## PROBLEM DESCRIPTION
Start at the line with "To access your" in the records below, stop at the line with "Hello everyone, welcome", and return every line in that span exactly, the two end lines included.

Stored data:
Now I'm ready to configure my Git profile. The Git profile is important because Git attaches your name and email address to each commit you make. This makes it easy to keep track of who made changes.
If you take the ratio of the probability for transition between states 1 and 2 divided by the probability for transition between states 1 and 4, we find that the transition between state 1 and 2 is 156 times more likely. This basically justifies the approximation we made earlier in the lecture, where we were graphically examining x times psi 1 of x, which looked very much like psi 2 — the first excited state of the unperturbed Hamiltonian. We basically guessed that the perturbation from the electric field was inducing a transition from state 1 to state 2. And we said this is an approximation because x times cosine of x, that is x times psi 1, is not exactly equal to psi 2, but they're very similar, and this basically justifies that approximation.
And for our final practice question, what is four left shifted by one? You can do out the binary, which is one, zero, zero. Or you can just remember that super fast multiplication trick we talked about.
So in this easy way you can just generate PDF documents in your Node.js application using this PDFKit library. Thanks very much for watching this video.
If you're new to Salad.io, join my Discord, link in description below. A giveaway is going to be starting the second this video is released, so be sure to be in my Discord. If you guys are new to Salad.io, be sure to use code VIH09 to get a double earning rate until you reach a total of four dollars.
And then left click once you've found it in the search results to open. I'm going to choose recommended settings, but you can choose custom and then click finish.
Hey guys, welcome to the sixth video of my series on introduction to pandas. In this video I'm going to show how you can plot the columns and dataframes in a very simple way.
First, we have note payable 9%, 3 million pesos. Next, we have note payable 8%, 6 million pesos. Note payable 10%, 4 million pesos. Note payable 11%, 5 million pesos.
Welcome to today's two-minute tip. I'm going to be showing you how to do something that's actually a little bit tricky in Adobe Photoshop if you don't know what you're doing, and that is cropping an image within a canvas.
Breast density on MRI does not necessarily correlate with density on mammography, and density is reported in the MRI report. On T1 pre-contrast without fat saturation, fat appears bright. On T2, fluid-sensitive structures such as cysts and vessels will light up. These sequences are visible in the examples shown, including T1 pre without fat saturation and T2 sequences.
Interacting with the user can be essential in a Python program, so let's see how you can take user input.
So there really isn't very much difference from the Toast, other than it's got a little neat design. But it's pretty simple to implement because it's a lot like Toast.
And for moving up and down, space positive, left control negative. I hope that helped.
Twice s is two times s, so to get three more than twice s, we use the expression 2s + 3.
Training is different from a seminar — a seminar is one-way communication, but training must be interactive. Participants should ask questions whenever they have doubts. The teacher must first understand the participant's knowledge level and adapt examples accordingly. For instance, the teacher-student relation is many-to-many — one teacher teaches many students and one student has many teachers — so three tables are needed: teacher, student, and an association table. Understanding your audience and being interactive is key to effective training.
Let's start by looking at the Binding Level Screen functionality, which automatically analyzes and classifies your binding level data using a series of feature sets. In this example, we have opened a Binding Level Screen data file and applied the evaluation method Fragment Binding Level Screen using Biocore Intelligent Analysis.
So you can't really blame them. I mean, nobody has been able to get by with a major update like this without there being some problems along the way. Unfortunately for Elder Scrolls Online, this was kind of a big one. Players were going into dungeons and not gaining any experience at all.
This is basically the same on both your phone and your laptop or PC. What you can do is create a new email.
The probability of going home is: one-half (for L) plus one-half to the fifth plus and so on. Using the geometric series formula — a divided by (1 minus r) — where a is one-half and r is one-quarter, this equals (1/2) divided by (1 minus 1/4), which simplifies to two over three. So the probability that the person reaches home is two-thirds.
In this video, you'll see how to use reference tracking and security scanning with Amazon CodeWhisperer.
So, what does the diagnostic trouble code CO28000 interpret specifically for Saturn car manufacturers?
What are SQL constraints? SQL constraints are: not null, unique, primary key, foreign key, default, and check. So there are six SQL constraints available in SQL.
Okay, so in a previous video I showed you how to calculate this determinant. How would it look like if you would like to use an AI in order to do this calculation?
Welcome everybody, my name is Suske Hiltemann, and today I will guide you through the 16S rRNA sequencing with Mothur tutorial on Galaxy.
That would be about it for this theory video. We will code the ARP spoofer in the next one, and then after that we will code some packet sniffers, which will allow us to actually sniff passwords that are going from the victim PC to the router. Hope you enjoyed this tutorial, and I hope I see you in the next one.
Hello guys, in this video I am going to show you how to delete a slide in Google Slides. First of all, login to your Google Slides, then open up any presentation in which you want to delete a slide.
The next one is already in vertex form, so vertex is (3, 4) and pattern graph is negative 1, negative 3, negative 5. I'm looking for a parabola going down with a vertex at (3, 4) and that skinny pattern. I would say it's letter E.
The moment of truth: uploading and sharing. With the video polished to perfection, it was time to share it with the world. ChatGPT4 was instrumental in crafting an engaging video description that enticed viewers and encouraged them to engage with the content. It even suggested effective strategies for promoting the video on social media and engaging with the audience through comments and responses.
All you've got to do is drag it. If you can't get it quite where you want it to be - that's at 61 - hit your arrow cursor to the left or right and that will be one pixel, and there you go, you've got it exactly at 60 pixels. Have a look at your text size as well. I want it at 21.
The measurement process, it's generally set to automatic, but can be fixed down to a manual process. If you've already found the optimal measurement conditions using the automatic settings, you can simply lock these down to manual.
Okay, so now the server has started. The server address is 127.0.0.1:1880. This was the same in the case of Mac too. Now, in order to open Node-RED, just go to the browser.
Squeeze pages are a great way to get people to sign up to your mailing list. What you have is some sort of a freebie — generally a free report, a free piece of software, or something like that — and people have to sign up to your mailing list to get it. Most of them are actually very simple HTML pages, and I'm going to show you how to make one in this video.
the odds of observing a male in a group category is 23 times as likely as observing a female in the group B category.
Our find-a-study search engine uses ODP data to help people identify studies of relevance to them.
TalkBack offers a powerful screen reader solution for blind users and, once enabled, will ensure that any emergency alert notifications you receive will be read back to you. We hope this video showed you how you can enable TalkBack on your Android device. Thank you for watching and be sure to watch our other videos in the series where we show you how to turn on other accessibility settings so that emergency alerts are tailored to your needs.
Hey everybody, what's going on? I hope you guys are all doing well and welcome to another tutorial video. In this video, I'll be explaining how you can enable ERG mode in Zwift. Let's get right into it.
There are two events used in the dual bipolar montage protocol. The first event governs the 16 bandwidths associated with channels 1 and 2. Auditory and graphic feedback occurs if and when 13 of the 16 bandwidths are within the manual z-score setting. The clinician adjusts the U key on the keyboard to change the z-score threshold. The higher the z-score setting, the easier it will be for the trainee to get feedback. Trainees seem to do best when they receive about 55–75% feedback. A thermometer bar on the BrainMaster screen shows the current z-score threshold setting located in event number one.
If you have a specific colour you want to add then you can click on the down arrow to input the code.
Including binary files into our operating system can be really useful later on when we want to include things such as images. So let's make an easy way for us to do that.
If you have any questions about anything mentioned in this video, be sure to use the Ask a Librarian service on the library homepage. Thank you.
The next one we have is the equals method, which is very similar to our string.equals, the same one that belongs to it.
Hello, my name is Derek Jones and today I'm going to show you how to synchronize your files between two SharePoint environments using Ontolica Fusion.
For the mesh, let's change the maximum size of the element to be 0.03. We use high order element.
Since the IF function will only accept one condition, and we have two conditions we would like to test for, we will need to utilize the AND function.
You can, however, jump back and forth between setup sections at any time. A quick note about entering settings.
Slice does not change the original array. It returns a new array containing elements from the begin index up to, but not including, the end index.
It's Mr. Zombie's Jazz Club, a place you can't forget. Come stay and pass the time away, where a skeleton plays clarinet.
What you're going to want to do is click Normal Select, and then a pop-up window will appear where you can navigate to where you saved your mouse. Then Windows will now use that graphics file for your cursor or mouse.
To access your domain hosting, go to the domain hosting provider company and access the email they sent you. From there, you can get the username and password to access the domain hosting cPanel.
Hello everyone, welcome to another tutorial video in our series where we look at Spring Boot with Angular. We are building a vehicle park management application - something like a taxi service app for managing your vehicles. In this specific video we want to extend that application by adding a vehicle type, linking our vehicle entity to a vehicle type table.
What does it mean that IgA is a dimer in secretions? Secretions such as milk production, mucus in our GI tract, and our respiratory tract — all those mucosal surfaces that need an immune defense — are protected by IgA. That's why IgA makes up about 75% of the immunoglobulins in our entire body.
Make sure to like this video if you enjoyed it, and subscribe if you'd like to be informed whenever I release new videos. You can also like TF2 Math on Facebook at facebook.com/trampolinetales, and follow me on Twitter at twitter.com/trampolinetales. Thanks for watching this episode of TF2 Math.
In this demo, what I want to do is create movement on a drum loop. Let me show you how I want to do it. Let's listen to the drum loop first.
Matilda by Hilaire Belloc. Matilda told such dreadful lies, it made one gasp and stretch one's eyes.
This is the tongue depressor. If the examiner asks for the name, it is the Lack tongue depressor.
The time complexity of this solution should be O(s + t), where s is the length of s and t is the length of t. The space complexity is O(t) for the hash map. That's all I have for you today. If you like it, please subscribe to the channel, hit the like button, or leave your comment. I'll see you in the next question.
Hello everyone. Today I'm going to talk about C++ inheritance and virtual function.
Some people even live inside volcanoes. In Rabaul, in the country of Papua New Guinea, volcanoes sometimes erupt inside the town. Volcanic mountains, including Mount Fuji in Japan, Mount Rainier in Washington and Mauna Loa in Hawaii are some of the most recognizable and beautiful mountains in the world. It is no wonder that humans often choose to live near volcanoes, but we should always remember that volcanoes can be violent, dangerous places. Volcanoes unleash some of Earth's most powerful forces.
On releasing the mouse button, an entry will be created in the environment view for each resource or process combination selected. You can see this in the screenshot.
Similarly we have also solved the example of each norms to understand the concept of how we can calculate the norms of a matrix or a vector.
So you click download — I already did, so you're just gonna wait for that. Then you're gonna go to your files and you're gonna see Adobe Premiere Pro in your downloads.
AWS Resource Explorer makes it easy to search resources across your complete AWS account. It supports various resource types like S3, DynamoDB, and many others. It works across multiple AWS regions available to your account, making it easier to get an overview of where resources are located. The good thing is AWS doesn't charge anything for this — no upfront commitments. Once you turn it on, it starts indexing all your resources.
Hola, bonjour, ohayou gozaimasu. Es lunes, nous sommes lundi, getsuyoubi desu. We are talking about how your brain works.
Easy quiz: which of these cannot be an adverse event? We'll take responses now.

## ANSWER BOX
To access your domain hosting, go to the domain hosting provider company and access the email they sent you. From there, you can get the username and password to access the domain hosting cPanel.
Hello everyone, welcome to another tutorial video in our series where we look at Spring Boot with Angular. We are building a vehicle park management application - something like a taxi service app for managing your vehicles. In this specific video we want to extend that application by adding a vehicle type, linking our vehicle entity to a vehicle type table.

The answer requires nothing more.